L'automne venu, c'était
la chasse à l'orignal. Nous y restions de deux à trois semaines.
Mais nous étions à
trois heures de voiture de l'hopital le plus près, soit celui de
La Tuque et quand mon épouse a fait son infarctus, il est devenu
évident que nous ne pouvions pas prendre de chance. Les soins médicaux
étaient vraiment trop éloignés en cas de rechute.
Elle aurait eu le temps d'y
passer avant de pouvoir recevoir des soins.
J'ai donc vendu ce camp.
J'ai employé l'argent
pour faire creuser un lac, ici à la ferme.
Assez grand, environ 400
pieds par 200 et 20 pieds de profondeur au plus creux.
J'y ai ensemencé de
la truite. Nous pouvions donc y pêcher directement dans notre cour.
Des gens m'ont alors demandé
s'ils pouvaient pêcher dans mon lac.
On m'offrait même de
payer.
Malheureusement, je ne pouvais
pas leur demander d'argent, car je n'avais pas de permis et mes moyens financiers
ne me permettaient pas de les laisser pêcher gratuitement.
J'ai alors décidé
d'aller chercher les permis nécessaires.
Ca m'a pris presque un an
pour les obtenir. Il m'a fallu négocier avec différents ministères
pour obtenir tous les permis obligatoires.
N'oublions pas que l'on est
au Québec et que tout y est règlementé.
"L'État est omniprésent
dans tout et partout"
C'est une des raisons pour
laquelle on est si taxé et que la province est si endettée.
Faire observer toutes ces
lois et tous ces règlements, payer tous ces fonctionnaires, coûte
des sous, beaucoup de sous.
Plus tard, j'ai fait creuser
trois autre lacs, où j'élèvais mes truites.
Deux de mes lacs et notre
maison
J'y ai opèré
commerciallement des lacs de pêche
(ils étaient trop
grands pour être appelés des étangs.)
J'ai commencé sous
la raison sociale de
LES TRUITES DE GASTON.
J'ai finalement changé
pour:
"LES TRUITES DE MONSIEUR
GASTON."
La raison en est très
simple.
Les enfants, (car chez nous,
c'était un endroit fantastique pour amener des enfants pêcher,)

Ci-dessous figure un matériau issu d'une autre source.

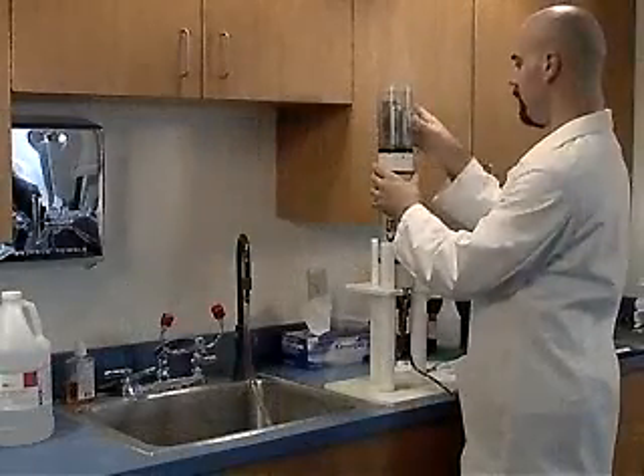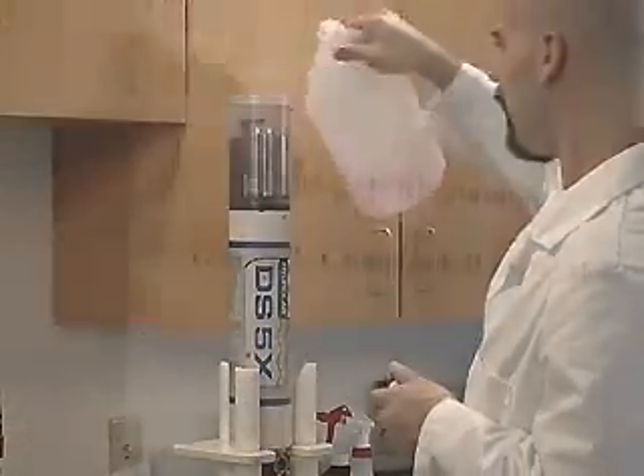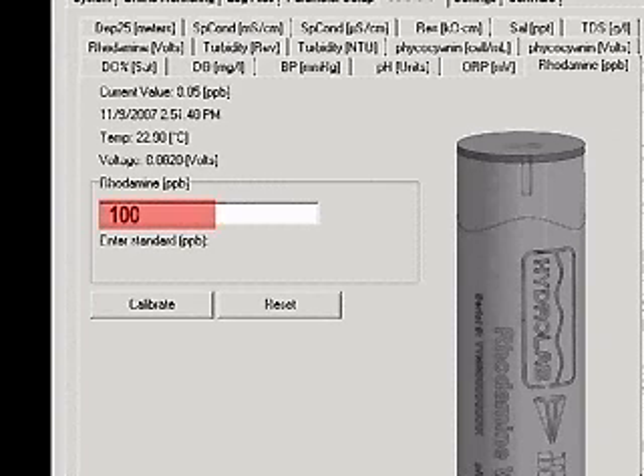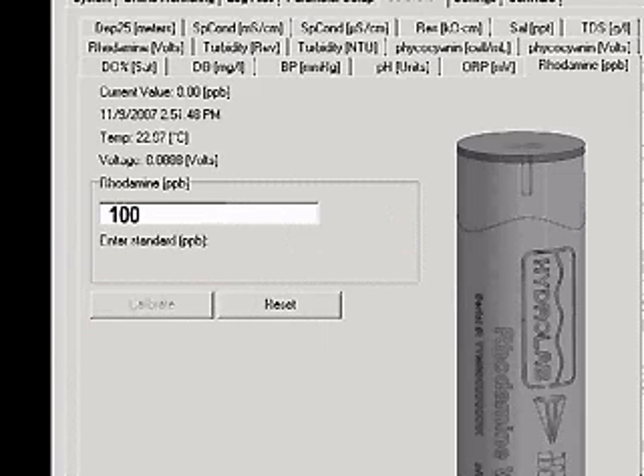Attach the storage cup and fill it to the threads with a known concentration of Rhodamine WT. Wait one minute for the readings to stabilize. Type the value of the concentration into the box and click Calibrate. A calibration successful message will appear. The Rhodamine sensor is now calibrated.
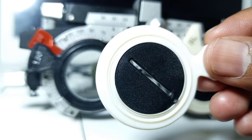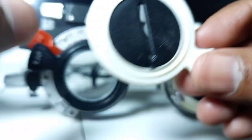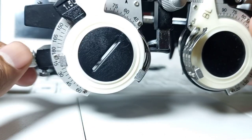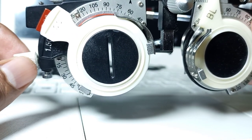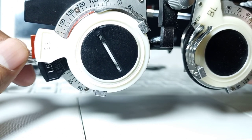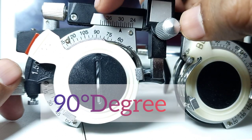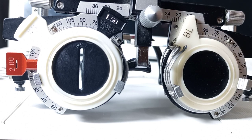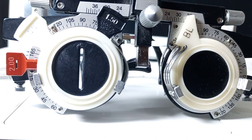Now we will place the stenopic slit before the patient's eye and rotate it 360 degrees. We will rotate it gradually and ask the patient at which axis the visual acuity is getting better. Suppose our patient prefers when the stenopic slit is coinciding with 90 degrees — this is our first principal meridian.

m'appelaient tout simplement
"MONSIEUR GASTON."
Pourquoi ne pas en faire
ma raison sociale.
C'était aussi un endroit
extraordinaire pour les gens plus âgés.
Pas de marche, pas de portage.
Ils peuvaient pêcher
du bord de l'eau à environ cinquante pas de leur auto.
Beaucoup de ceux qui ne pouvaient
plus se déplacer en forêt, pouvaient chez nous pratiquer leur
sport favori, sans avoir à aller trop loin, ce à un coût
des plus abordables. On pouvait y pêcher de la truite mouchetée
et arc-en-ciel de 8 à 12 pouces
Notre truite à chair
rosée était reconnue pour son goût exquis et l'eau de
nos lacs y était pure et non poluée.
Il était des plus
facile d'y pêcher son repas en peu de temps.
Et il n'y avait pas de limite
de prises.
Il n'était pas nécessaire
non plus d'avoir un permis de pêche individuel, car nous détenions
un permis pour faire pêcher les gens.
On pouvait donc chez nous,
se récréer sur un site magnifique, dans un paysage enchanteur.
Mais j'ai décidé
de prendre une deuxième retraite nous avons vendus notre domaine
et nous sommes déménagés plus près de nos enfants,
ce qui nous permet de les voir plus souvent.